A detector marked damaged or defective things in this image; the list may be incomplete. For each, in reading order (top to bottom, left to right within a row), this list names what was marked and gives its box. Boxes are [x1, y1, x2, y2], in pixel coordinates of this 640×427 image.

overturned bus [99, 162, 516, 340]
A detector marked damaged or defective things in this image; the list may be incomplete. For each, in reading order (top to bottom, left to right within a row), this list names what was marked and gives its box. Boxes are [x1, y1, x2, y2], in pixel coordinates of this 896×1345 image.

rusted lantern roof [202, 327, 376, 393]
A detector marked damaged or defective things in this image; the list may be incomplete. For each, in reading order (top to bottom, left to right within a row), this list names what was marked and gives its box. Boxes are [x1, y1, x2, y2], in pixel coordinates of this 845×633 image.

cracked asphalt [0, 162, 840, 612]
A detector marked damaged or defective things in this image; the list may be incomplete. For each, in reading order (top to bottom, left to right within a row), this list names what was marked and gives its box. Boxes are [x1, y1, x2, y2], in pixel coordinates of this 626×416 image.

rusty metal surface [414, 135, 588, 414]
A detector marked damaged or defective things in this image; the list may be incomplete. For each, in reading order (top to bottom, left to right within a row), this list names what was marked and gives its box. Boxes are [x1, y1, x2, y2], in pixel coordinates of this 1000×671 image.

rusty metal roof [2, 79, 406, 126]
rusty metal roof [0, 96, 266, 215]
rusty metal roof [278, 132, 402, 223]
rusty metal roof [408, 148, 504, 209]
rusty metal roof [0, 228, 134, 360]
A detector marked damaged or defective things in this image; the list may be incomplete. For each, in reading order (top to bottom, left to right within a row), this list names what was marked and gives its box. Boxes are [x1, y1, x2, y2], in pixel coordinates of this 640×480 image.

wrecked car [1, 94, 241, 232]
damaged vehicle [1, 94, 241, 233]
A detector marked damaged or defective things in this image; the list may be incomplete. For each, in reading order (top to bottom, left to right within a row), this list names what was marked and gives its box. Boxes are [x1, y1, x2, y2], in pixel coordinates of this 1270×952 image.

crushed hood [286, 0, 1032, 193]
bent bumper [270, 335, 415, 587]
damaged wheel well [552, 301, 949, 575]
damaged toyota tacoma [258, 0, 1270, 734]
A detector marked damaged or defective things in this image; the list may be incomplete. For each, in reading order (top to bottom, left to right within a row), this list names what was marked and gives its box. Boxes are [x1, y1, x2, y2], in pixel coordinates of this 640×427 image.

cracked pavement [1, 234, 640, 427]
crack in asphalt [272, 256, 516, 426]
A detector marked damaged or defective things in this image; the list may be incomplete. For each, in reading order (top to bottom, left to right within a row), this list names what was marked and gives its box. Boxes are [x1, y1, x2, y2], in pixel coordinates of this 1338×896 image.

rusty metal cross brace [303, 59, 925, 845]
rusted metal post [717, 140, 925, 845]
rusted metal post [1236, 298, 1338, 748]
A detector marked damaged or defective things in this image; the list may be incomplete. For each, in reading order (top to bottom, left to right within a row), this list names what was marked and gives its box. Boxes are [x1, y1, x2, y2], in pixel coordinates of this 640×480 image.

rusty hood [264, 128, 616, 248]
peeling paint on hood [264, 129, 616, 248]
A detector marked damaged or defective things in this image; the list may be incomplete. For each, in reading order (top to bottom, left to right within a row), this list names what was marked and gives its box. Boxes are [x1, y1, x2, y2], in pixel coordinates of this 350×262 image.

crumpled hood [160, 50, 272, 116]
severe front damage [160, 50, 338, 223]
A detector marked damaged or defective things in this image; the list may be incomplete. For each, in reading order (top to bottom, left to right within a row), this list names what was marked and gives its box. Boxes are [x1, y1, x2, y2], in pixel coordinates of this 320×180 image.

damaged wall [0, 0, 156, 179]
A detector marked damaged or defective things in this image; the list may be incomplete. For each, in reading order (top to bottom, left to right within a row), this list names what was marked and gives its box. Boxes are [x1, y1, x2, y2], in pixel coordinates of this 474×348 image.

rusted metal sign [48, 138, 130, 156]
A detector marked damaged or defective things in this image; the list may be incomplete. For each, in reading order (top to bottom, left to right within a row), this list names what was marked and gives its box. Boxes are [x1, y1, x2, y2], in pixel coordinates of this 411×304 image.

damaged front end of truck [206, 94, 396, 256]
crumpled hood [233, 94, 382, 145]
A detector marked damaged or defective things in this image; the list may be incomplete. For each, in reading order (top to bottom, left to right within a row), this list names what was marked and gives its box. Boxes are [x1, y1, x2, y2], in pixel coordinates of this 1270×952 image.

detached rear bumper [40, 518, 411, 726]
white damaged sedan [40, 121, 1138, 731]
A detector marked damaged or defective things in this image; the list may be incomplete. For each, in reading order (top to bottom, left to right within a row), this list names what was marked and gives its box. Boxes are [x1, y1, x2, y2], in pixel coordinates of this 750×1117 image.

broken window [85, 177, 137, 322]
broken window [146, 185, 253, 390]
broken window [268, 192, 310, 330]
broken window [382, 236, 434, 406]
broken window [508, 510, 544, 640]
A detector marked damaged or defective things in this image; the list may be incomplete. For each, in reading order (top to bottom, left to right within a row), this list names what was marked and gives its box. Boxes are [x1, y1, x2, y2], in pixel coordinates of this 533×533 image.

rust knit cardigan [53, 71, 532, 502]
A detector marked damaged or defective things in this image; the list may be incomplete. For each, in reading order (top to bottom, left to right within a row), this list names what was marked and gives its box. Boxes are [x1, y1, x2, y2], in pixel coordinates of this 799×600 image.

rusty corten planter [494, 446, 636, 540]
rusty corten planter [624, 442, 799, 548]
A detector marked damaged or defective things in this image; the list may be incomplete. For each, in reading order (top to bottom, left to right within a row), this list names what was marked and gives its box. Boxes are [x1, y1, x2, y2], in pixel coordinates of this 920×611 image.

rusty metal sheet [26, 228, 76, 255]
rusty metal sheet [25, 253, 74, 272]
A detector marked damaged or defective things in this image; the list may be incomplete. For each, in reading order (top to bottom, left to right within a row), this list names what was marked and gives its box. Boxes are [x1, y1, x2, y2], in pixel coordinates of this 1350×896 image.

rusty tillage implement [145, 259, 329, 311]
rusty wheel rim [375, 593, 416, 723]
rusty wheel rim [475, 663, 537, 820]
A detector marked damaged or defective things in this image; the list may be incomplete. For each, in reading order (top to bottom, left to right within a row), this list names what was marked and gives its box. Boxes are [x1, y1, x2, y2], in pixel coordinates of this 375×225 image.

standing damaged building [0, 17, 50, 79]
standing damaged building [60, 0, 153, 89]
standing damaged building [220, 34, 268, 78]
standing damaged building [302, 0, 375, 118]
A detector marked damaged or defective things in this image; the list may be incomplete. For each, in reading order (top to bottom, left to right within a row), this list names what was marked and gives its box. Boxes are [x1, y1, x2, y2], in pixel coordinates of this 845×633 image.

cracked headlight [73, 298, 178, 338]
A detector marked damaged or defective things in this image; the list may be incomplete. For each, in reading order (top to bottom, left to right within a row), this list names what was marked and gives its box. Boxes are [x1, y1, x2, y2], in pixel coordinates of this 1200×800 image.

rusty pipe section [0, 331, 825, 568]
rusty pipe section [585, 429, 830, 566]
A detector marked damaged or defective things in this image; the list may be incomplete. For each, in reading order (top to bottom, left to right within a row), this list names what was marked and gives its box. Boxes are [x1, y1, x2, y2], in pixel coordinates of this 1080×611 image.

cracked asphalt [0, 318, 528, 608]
________________________________________
**PROBLEM REQUIREMENTS**
Set all the entries above down again exactly.

**OUTPUT BELOW**
A detector marked damaged or defective things in this image; the list may be incomplete. For each, in reading order (top to bottom, left to right within a row), this list names what was marked and gives its box. Boxes are [x1, y1, x2, y2], in pixel coordinates of this 640×427 image.

overturned bus [99, 162, 516, 340]
A detector marked damaged or defective things in this image; the list may be incomplete. For each, in reading order (top to bottom, left to right within a row), this list names what was marked and gives its box. Boxes are [x1, y1, x2, y2], in pixel coordinates of this 896×1345 image.

rusted lantern roof [202, 327, 376, 393]
A detector marked damaged or defective things in this image; the list may be incomplete. For each, in reading order (top to bottom, left to right within a row), this list names what was marked and gives its box. Boxes are [x1, y1, x2, y2], in pixel coordinates of this 845×633 image.

cracked asphalt [0, 162, 840, 612]
A detector marked damaged or defective things in this image; the list may be incomplete. For each, in reading order (top to bottom, left to right within a row), this list names what was marked and gives its box. Boxes are [x1, y1, x2, y2], in pixel coordinates of this 626×416 image.

rusty metal surface [414, 135, 588, 414]
A detector marked damaged or defective things in this image; the list may be incomplete. For each, in reading order (top to bottom, left to right within a row), this list names what was marked and gives its box. Boxes are [x1, y1, x2, y2], in pixel coordinates of this 1000×671 image.

rusty metal roof [2, 79, 406, 126]
rusty metal roof [0, 96, 266, 215]
rusty metal roof [278, 132, 402, 223]
rusty metal roof [408, 148, 504, 209]
rusty metal roof [0, 228, 134, 360]
A detector marked damaged or defective things in this image; the list may be incomplete. For each, in reading order (top to bottom, left to right within a row), this list names what was marked and gives its box. Boxes are [x1, y1, x2, y2], in pixel coordinates of this 640×480 image.

wrecked car [1, 94, 241, 232]
damaged vehicle [1, 94, 241, 233]
A detector marked damaged or defective things in this image; the list may be incomplete. For each, in reading order (top to bottom, left to right within a row), this list names what was marked and gives its box. Boxes are [x1, y1, x2, y2], in pixel coordinates of this 1270×952 image.

crushed hood [286, 0, 1032, 193]
bent bumper [270, 335, 415, 587]
damaged wheel well [552, 301, 949, 575]
damaged toyota tacoma [258, 0, 1270, 734]
A detector marked damaged or defective things in this image; the list may be incomplete. For each, in reading order (top to bottom, left to right within a row), this list names what was marked and gives its box. Boxes are [x1, y1, x2, y2], in pixel coordinates of this 640×427 image.

cracked pavement [1, 234, 640, 427]
crack in asphalt [272, 256, 516, 426]
A detector marked damaged or defective things in this image; the list may be incomplete. For each, in reading order (top to bottom, left to right within a row), this list names what was marked and gives its box. Boxes are [x1, y1, x2, y2], in pixel coordinates of this 1338×896 image.

rusty metal cross brace [303, 59, 925, 845]
rusted metal post [717, 140, 925, 845]
rusted metal post [1236, 298, 1338, 748]
A detector marked damaged or defective things in this image; the list may be incomplete. For each, in reading order (top to bottom, left to right within a row), this list names what was marked and gives its box. Boxes are [x1, y1, x2, y2], in pixel coordinates of this 640×480 image.

rusty hood [264, 128, 616, 248]
peeling paint on hood [264, 129, 616, 248]
A detector marked damaged or defective things in this image; the list may be incomplete. For each, in reading order (top to bottom, left to right within a row), this list names what was marked and gives its box. Boxes are [x1, y1, x2, y2], in pixel coordinates of this 350×262 image.

crumpled hood [160, 50, 272, 116]
severe front damage [160, 50, 338, 223]
A detector marked damaged or defective things in this image; the list may be incomplete. For each, in reading order (top to bottom, left to right within a row), this list names what was marked and gives its box. Boxes are [x1, y1, x2, y2], in pixel coordinates of this 320×180 image.

damaged wall [0, 0, 156, 179]
A detector marked damaged or defective things in this image; the list may be incomplete. For each, in reading order (top to bottom, left to right within a row), this list names what was marked and gives its box. Boxes are [x1, y1, x2, y2], in pixel coordinates of this 474×348 image.

rusted metal sign [48, 138, 130, 156]
A detector marked damaged or defective things in this image; the list may be incomplete. For each, in reading order (top to bottom, left to right within a row), this list names what was marked and gives its box. Boxes are [x1, y1, x2, y2], in pixel coordinates of this 411×304 image.

damaged front end of truck [206, 94, 396, 256]
crumpled hood [233, 94, 382, 145]
A detector marked damaged or defective things in this image; the list may be incomplete. For each, in reading order (top to bottom, left to right within a row), this list names what was marked and gives its box. Boxes are [x1, y1, x2, y2], in pixel coordinates of this 1270×952 image.

detached rear bumper [40, 518, 411, 726]
white damaged sedan [40, 121, 1138, 731]
A detector marked damaged or defective things in this image; the list may be incomplete. For each, in reading order (top to bottom, left to right within a row), this list names what was marked and gives its box. Boxes are [x1, y1, x2, y2], in pixel coordinates of this 750×1117 image.

broken window [85, 177, 137, 322]
broken window [146, 185, 253, 390]
broken window [268, 192, 310, 330]
broken window [382, 236, 434, 406]
broken window [508, 510, 544, 640]
A detector marked damaged or defective things in this image; the list may be incomplete. For each, in reading order (top to bottom, left to right within a row), this list names what was marked and gives its box. Boxes are [x1, y1, x2, y2], in pixel coordinates of this 533×533 image.

rust knit cardigan [53, 71, 532, 502]
A detector marked damaged or defective things in this image; the list may be incomplete. For each, in reading order (top to bottom, left to right within a row), this list names what was marked and gives its box. Boxes are [x1, y1, x2, y2], in pixel coordinates of this 799×600 image.

rusty corten planter [494, 446, 636, 540]
rusty corten planter [624, 442, 799, 548]
A detector marked damaged or defective things in this image; the list may be incomplete. For each, in reading order (top to bottom, left to right within a row), this list names what was marked and gives its box. Boxes are [x1, y1, x2, y2], in pixel coordinates of this 920×611 image.

rusty metal sheet [26, 228, 76, 255]
rusty metal sheet [25, 253, 74, 272]
A detector marked damaged or defective things in this image; the list may be incomplete. For each, in reading order (top to bottom, left to right within a row), this list names what was marked and gives its box. Boxes are [x1, y1, x2, y2], in pixel coordinates of this 1350×896 image.

rusty tillage implement [145, 259, 329, 311]
rusty wheel rim [375, 593, 416, 723]
rusty wheel rim [475, 663, 537, 820]
A detector marked damaged or defective things in this image; the list may be incomplete. For each, in reading order (top to bottom, left to right within a row), this list names what was marked and gives its box. Boxes are [x1, y1, x2, y2], in pixel coordinates of this 375×225 image.

standing damaged building [0, 17, 50, 79]
standing damaged building [60, 0, 153, 89]
standing damaged building [220, 34, 268, 78]
standing damaged building [302, 0, 375, 118]
A detector marked damaged or defective things in this image; the list may be incomplete. For each, in reading order (top to bottom, left to right within a row), this list names what was marked and gives its box. Boxes are [x1, y1, x2, y2], in pixel coordinates of this 845×633 image.

cracked headlight [73, 298, 178, 338]
A detector marked damaged or defective things in this image; the list may be incomplete. For each, in reading order (top to bottom, left to right within a row), this list names what was marked and gives its box. Boxes are [x1, y1, x2, y2], in pixel coordinates of this 1200×800 image.

rusty pipe section [0, 331, 825, 568]
rusty pipe section [585, 429, 830, 566]
A detector marked damaged or defective things in this image; the list may be incomplete. For each, in reading order (top to bottom, left to right within a row), this list names what was marked and gives its box. Boxes are [x1, y1, x2, y2], in pixel coordinates of this 1080×611 image.

cracked asphalt [0, 318, 528, 608]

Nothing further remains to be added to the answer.